I would say rather that detection of small changes, for a certain set
of changes, when listened to as sound (not as music), and when
discriminated via comparison and the intention to hear differences in
sound, reveals that detection improves with less separation in
time---at least over the time scales that have been investigated.

The paradigm is in the choice of these particular foundational
assumptions--the choice of differences to be investigated, the means of
using awareness, and so on.


We are not "choosing the differences to be investigated." We know what
the differences are between two audio components. You are speculating
that there are differences we don't know about. Such baseless
speculations are what make your arguments a form of pseudoscience.

If you could say, "Here's a difference that your listening tests are
missing," or "Here's another form of listening test that finds
differences mroe subtle than yours," then you'd have some basis for the
argument you are making.
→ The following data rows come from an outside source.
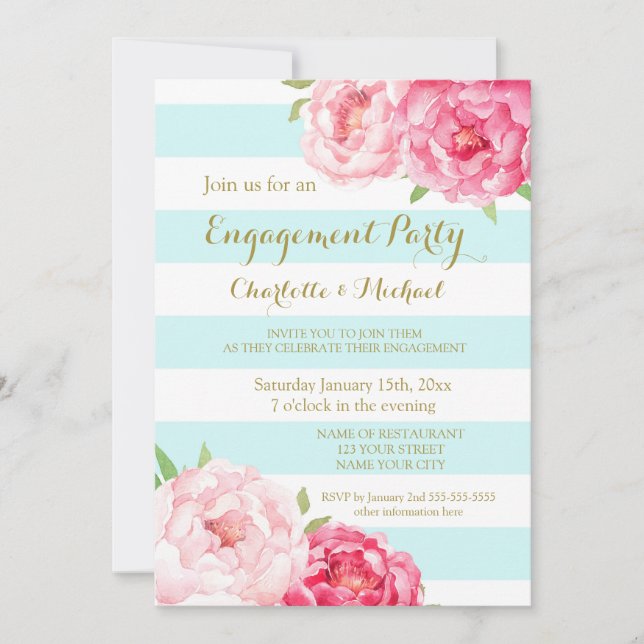 Sky Blue Stripes Pink Engagement Party Invitation (Front)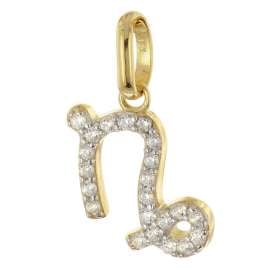 GLIZZ GL8330-10 Sternzeichen Steinbock Gold 333/8K an vergoldeter Silberkett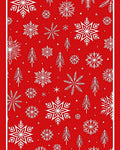 Red White Snowflake Forest Holiday Rug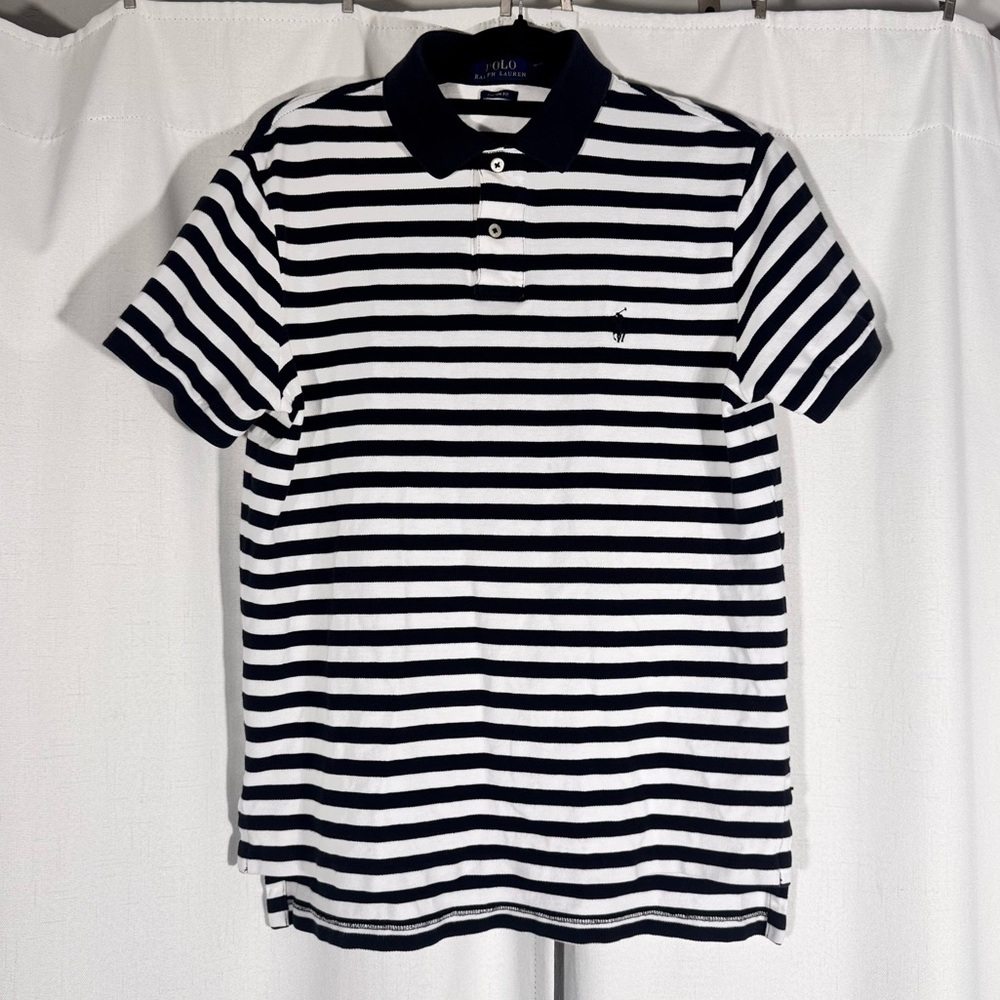 Polo Ralph Lauren Black White Striped Polo Shirt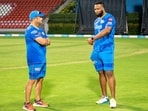 Kieron Pollard (R) amped up Mumbai Indians' first IPL 2023 session Kieron Pollard (R) amped up Mumbai Indians' first IPL 2023 session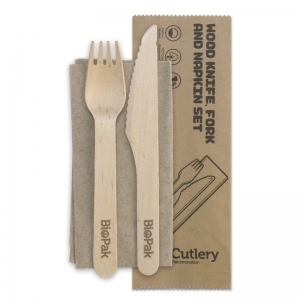 Knife Fork Napkin Set Wood 100% 16cm Uncoated (100/pack)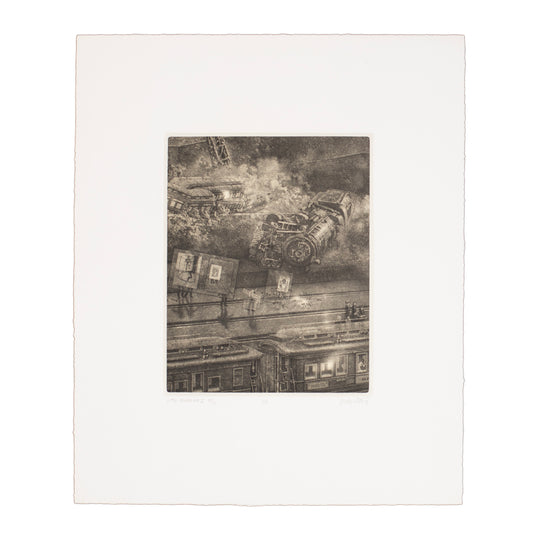 Art print of derailed train. 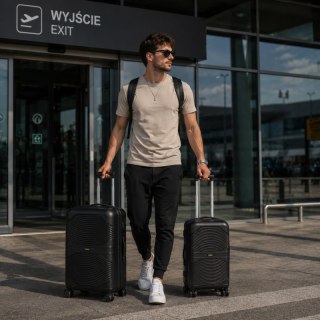 Zestaw 3w1 walizek podróżnych na kółkach, lekkie a wytrzymałe, na szyfr, premium czarne WP12CZ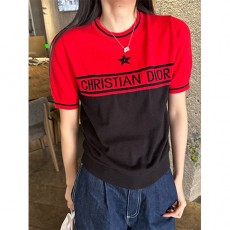 [홍콩명품,Christian Dior] 디올 25SS 로고 여성 니트 반팔 티셔츠 (2컬러), BM19381, TBG, 홍콩명품의류,구매대행,온라인명품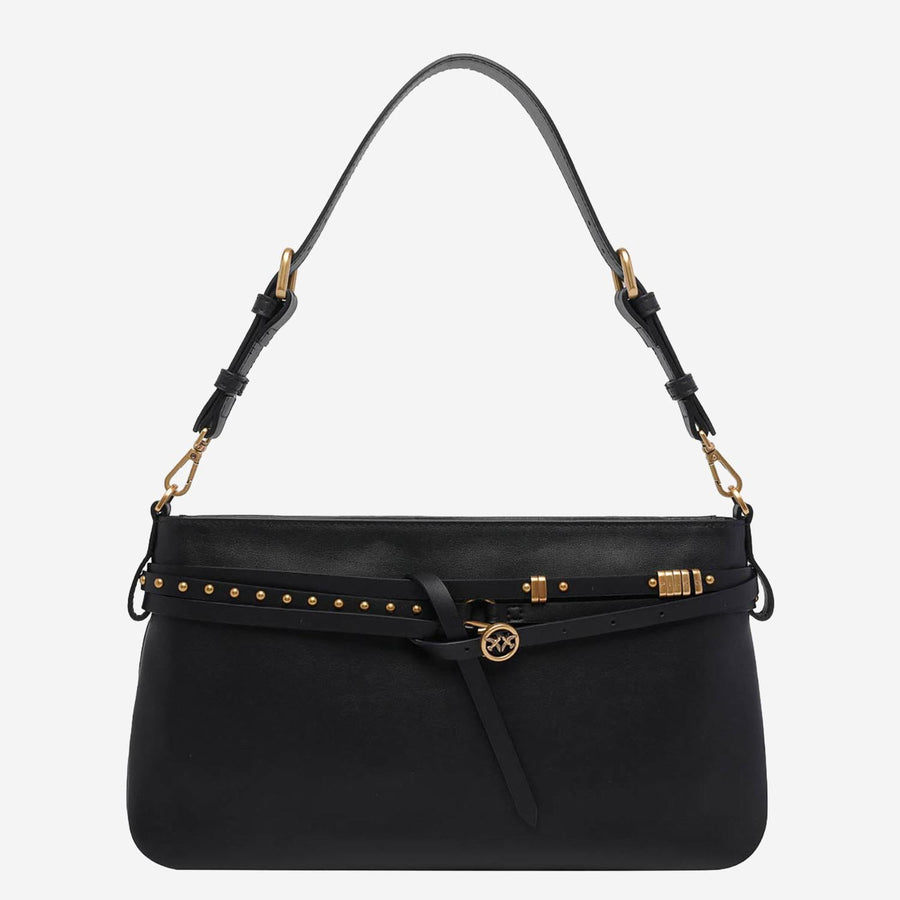 Leather Shoulder Bag Black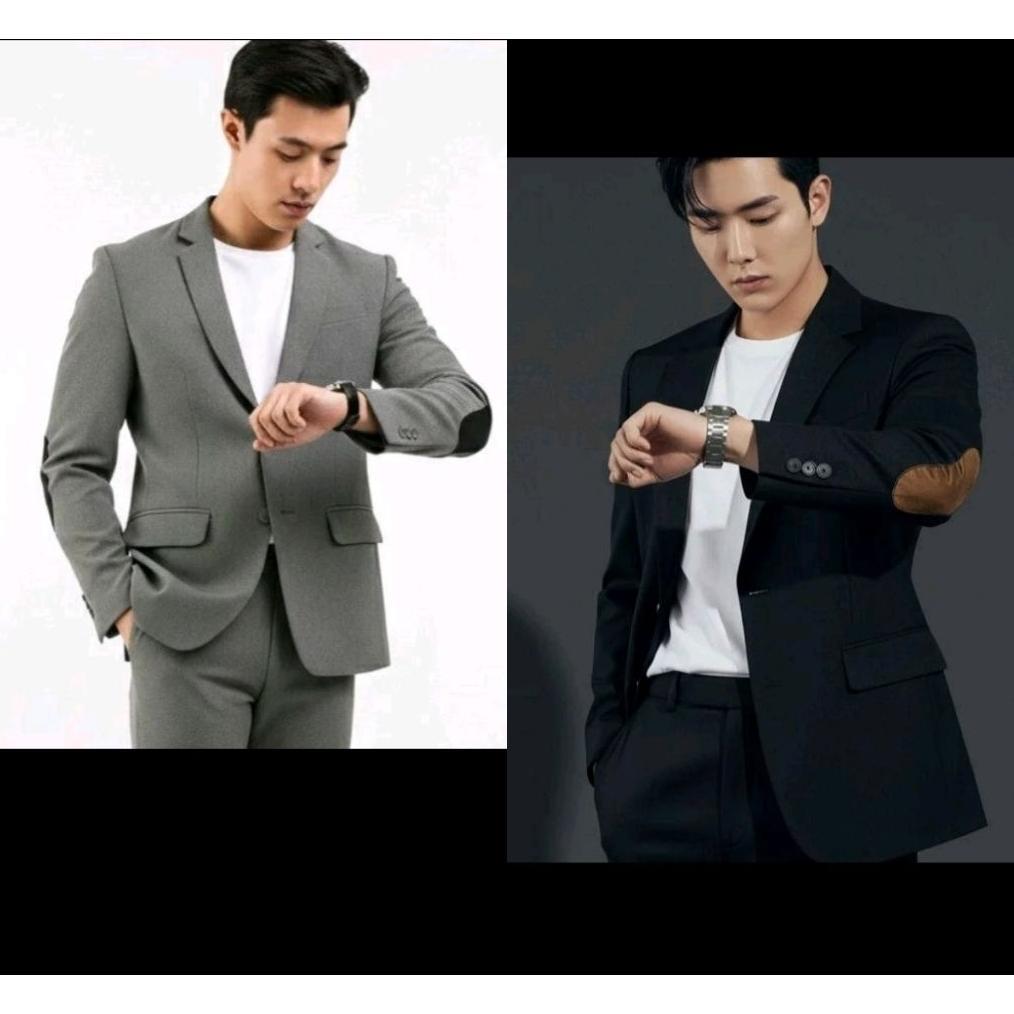 Original Jas Blazer Terbaru Light Grey Elbow/Black Elbow Pria Slimfit [Cod]
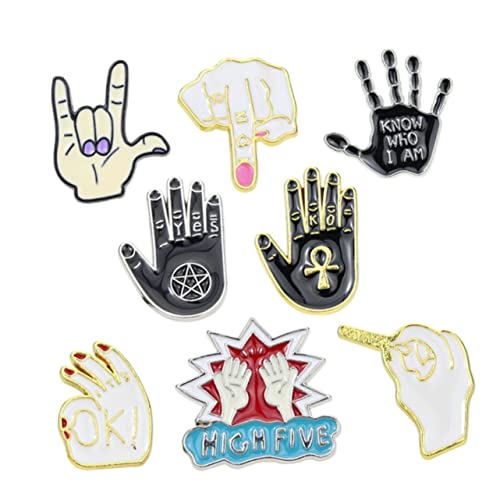 TOVINANNA 8 Stück Teiliges Set Retro Punk Broschen Anstecker für Erwachsene Kleidungsstecknadeln für Taschen Kleidung Hüte und Schals von TOVINANNA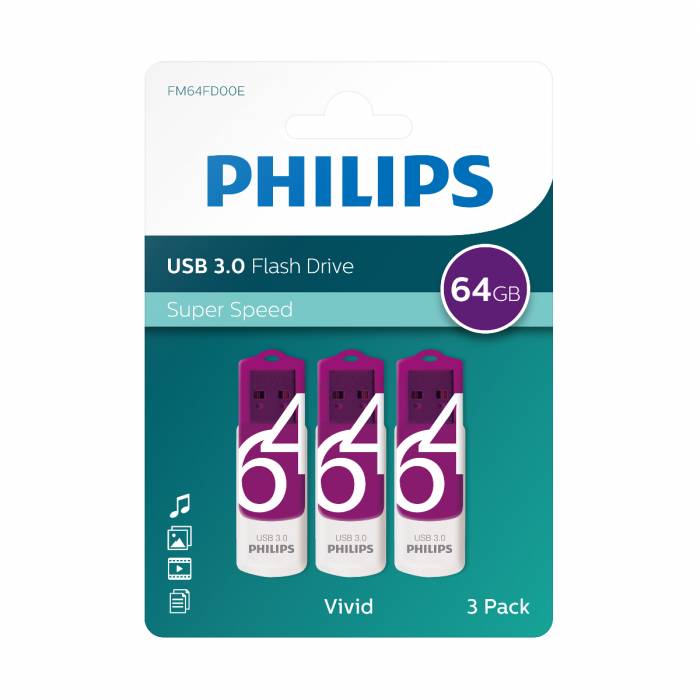 Philips USB-Stick Vivid 3.0 lila, weiß 64 GB, 3 St. - 128 GB-0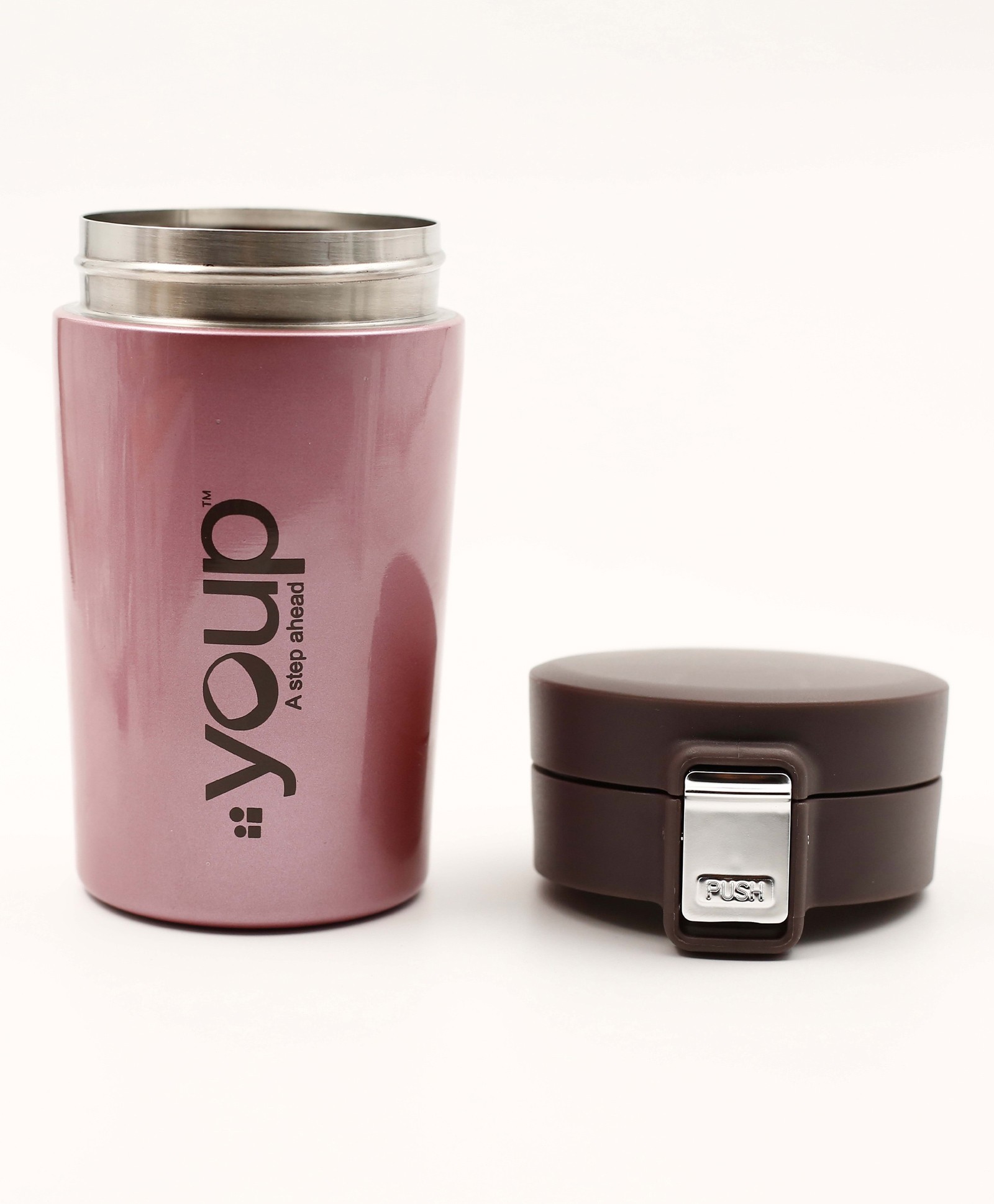 Youp Thermosteel Coffee Mug With Press To Open Cap Pink - 350 ml-picture-30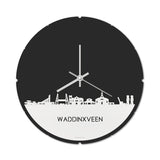 Skyline Klok Rond Waddinxveen Wit Glanzend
But you can't.

That's the important difference
between psychoacoustics researchers and you. They test things
empirically. They do not simply make up "facts" in their own head.

As far as "everything you claim, the paradigm can explain." Well,
exactly. My paradigm can also explain everything you claim.


First of all, you don't have a paradigm. Or, to be more specific, you
don't have a theory. All you have is blind belief.


What makes you think I have blind belief?


Because you have no evidence to support your assertions. None. Zero.
Zilch. Nada.

And there's a whole
host of things you can't explain, like why our perceptions differ
sighted vs. blind and why measurements correlate with audibility tests.


Perceptions differ under all sorts of conditions.

Some measurements correlate with some styles of audibility tests. This
does not mean that we fully understand how measurements do or do not
correlate with, for example, musical beauty.


Our measurements don't correlate with musical beauty at all. But then,
audio reproduction has nothing to do with musical beauty. Beethoven is
not more beautiful because he's played on a high-end audio system
rather than a mini-system.

Now, if you mean "perceptions of musical beauty," then you'd have to
demonstrate that our perceptions of musical beauty can differ when
listening to audio systems that are (by currently accepted scientific
standards) audibly indistinguishable. And you can't do that.